Ele, agora, se penitencia por ter desgraçado a vida do irmão que está sofrendo as piores conseqüências.

Mal Hermes terminou suas palavras e Anderson dirigiu-se a um dos rapazes que bebiam recostados à mesa do bar e, com violência, deu vários socos com a parte inferior do punho na . cabeça e no peito do jovem rapaz, dizendo:

Maldito! Maldito! Vai comprar a cocaína de uma vez. O meu irmão está morrendo. Eu te desgraçarei a vida se o meu irmão ingressar nesta “segunda morte”!
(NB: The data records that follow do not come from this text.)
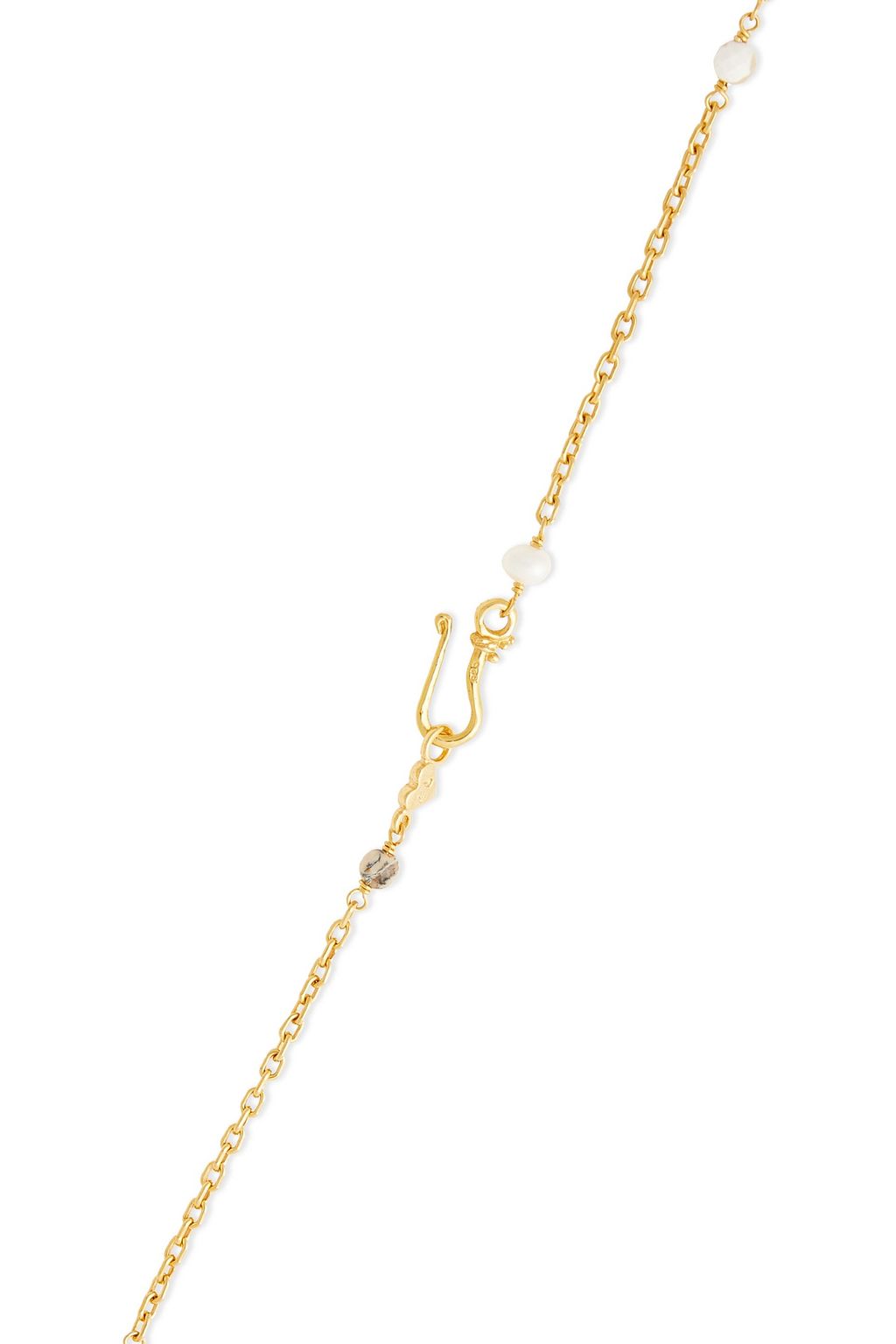 CHAN LUU 18-karat gold-plated sterling silver, pearl and stone necklace
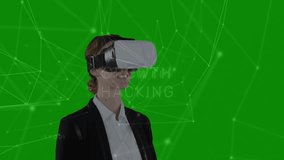 Businesswoman wearing VR headset raising hand in growth hacking environment, showing network nodes. Technology, innovation, connectivity, futurism, digitalization, virtual, professional - Powered by Shutterstock - Get 15% off with code: PIKWIZARD15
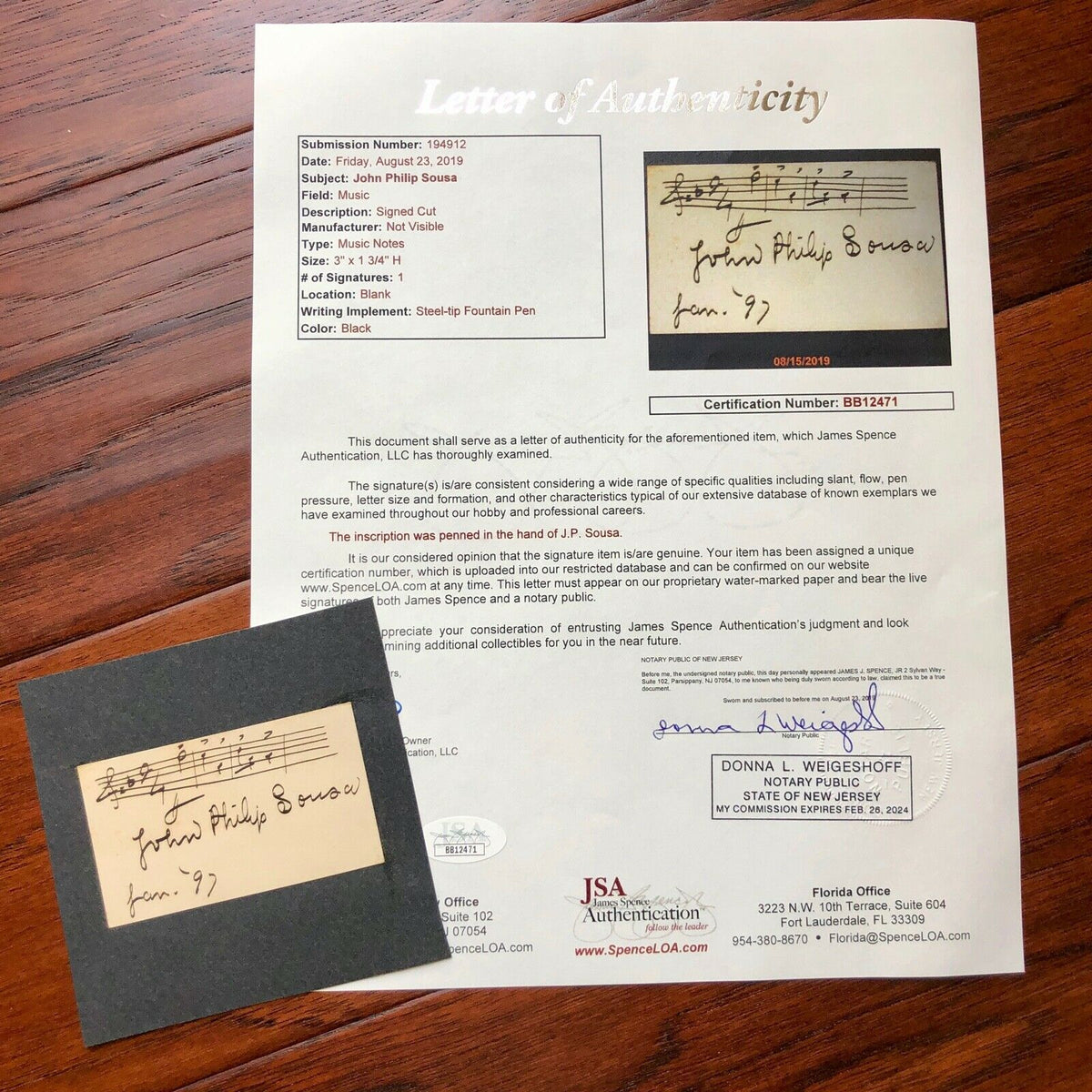 JOHN PHILIP SOUSA * JSA * AUTOGRAPH Musical Quotation SIGNED * "The March King"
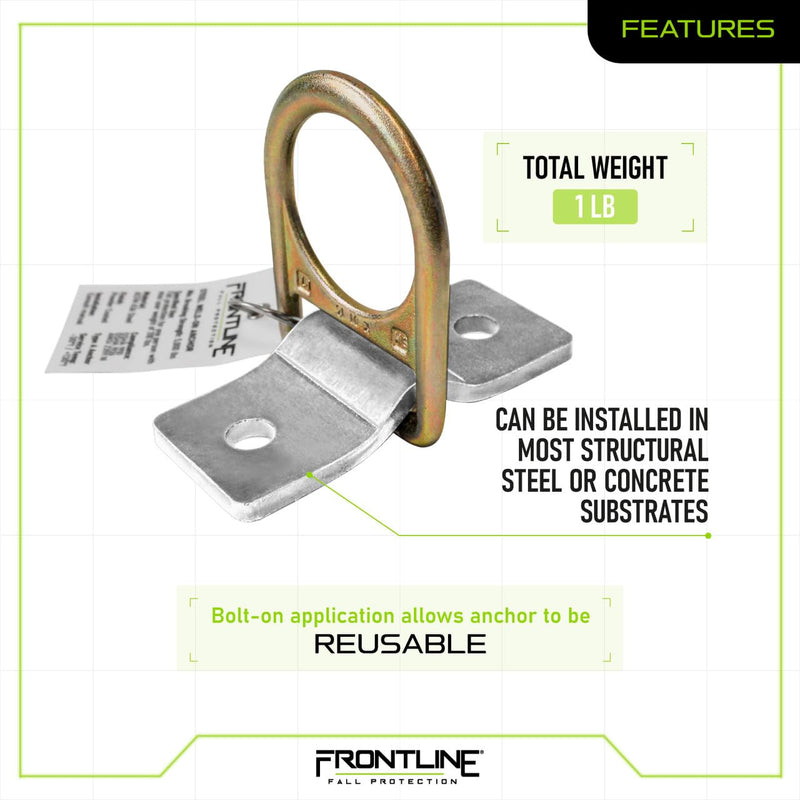 Frontline SBW01 Weld/Bolt-on Steel and Concrete Anchor | ASTM rated steel | can install and tie-off in multiple directions | Reusable Anchor | ANSI, OSHA & EN Compliant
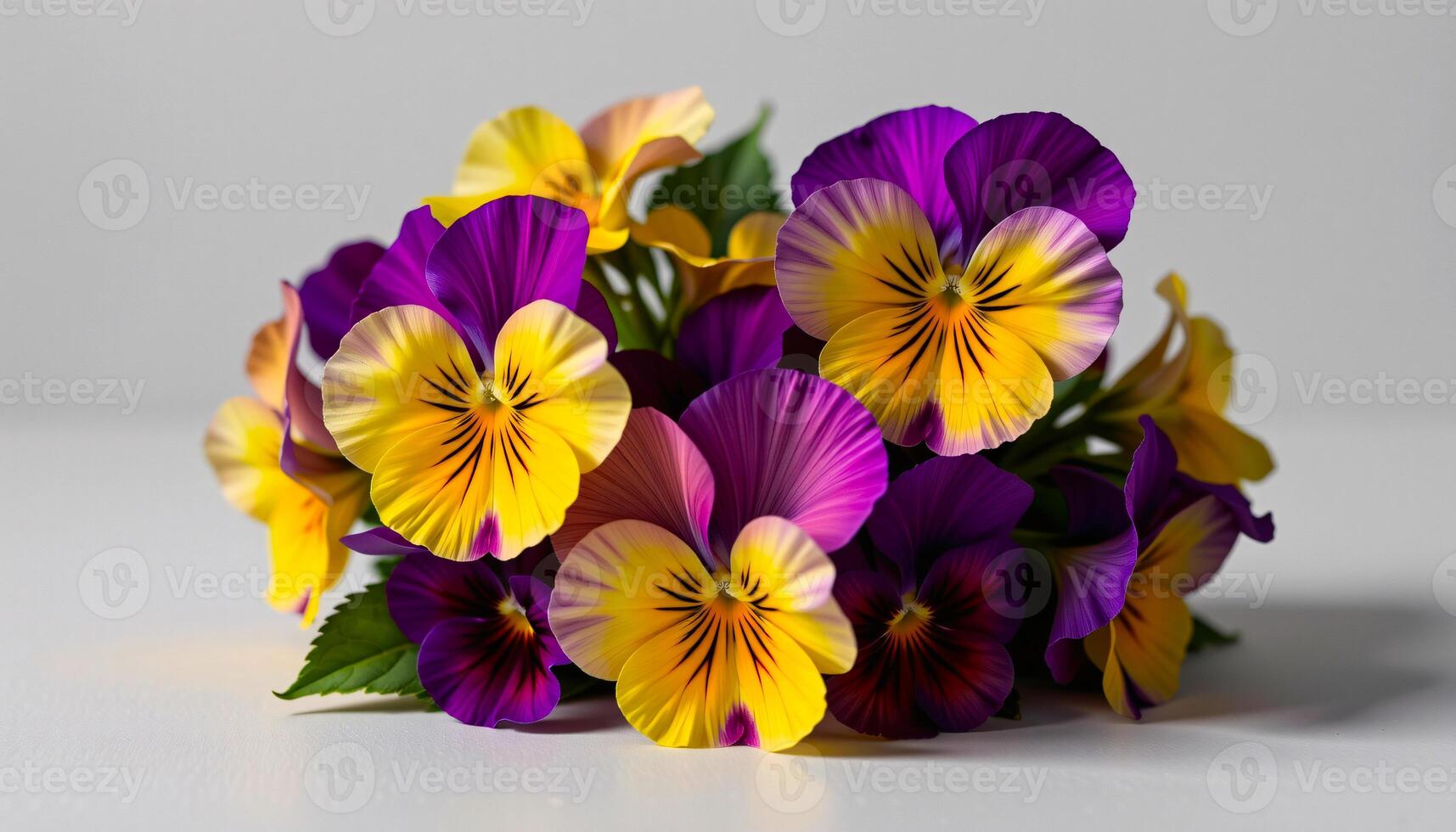 Elegant cluster of pansy in a minimalist style, with plum and soft yellow tones, smooth curves photo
Naquele instante, Josué começou a tossir forte sem parar. A cena foi tão imprevista que a menina que estava com eles gritou, em meio à música estridente:

O que é isto Jô, já estás te engasgando com a bebida?!

Os três riram e Josué respondeu:

— Eu acho que está na hora de eu cheirar um pó. Esta bebida não está me fazendo/bem. Eu estou com tontura e dor de cabeça.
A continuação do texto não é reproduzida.